### EXERCISE MATERIAL ###
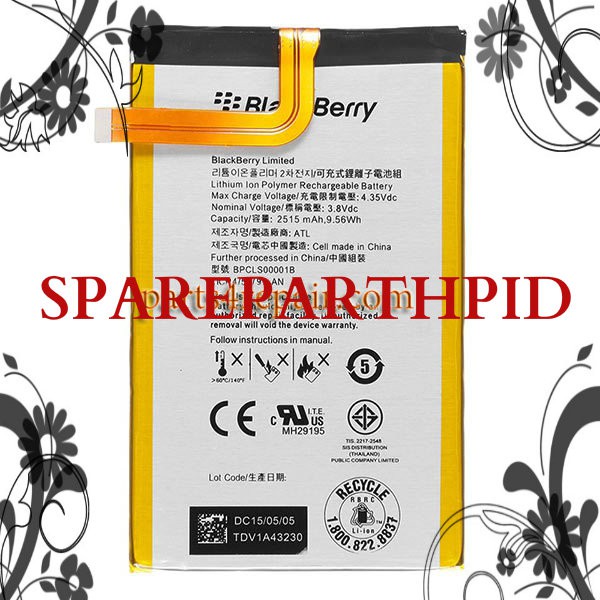 Unik BATERAI BLACKBERRY Q20 Limited Berkualitas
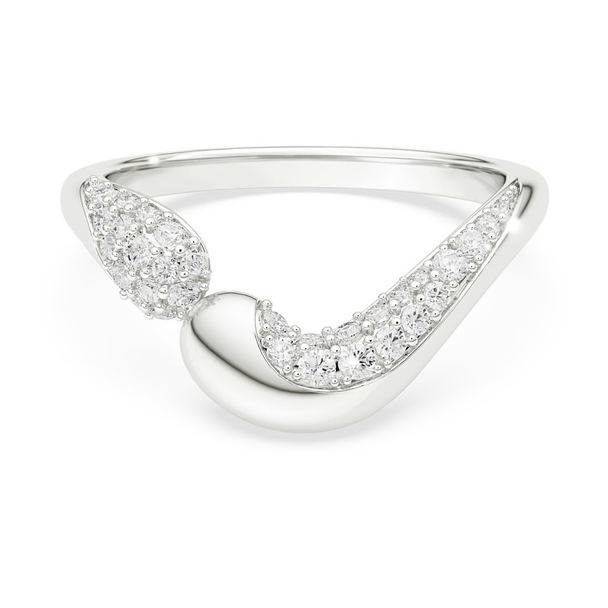 SWAROVSKI STERLING SILVER ROUND CUT OPEN - SWAROVSKI CLASSICA RING - 574258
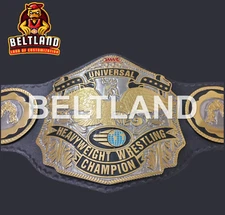 WWC UNIVERSAL HEAVYWEIGHT WRESTLING CHAMPION BELT 2MM4MM ZINC ADULT SIZE REPLICA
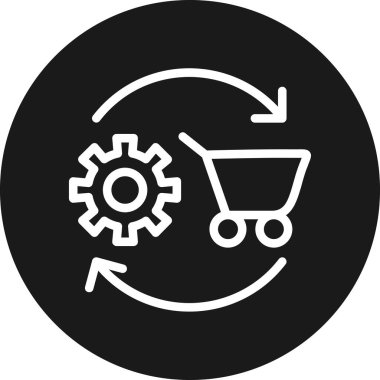 seo modern simgesinin vektör illüstrasyonu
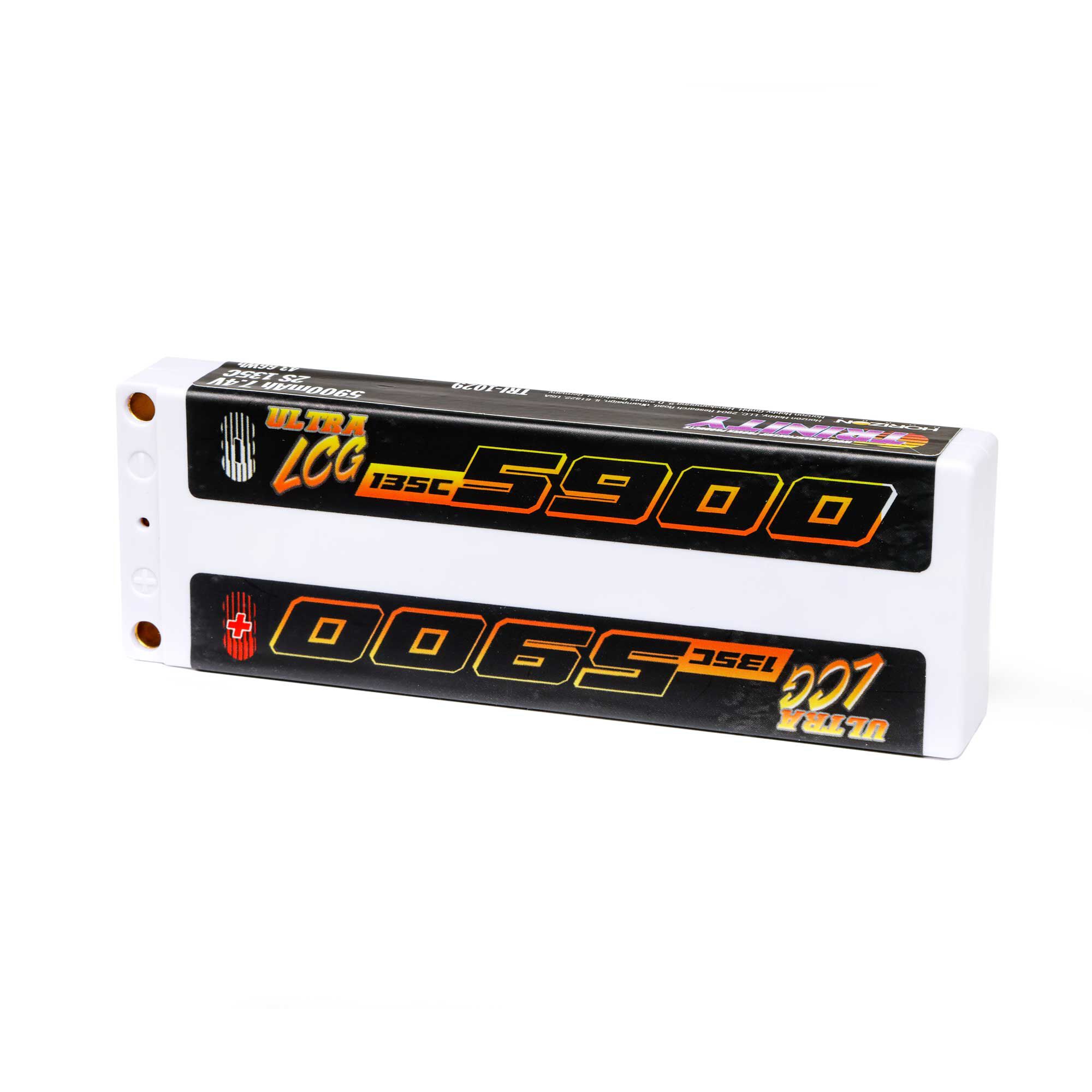 Trinity/Epic 7.4V 5900mAh 2S 135C ULCG Stick LiPo Battery, 5mm Bullets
###
→ EXERCISE DIRECTIONS: As you output the material, omit the pictures but alter nothing else.

→ ANSWER BELOW:
 Unik BATERAI BLACKBERRY Q20 Limited Berkualitas
 SWAROVSKI STERLING SILVER ROUND CUT OPEN - SWAROVSKI CLASSICA RING - 574258
 WWC UNIVERSAL HEAVYWEIGHT WRESTLING CHAMPION BELT 2MM4MM ZINC ADULT SIZE REPLICA
 seo modern simgesinin vektör illüstrasyonu
 Trinity/Epic 7.4V 5900mAh 2S 135C ULCG Stick LiPo Battery, 5mm Bullets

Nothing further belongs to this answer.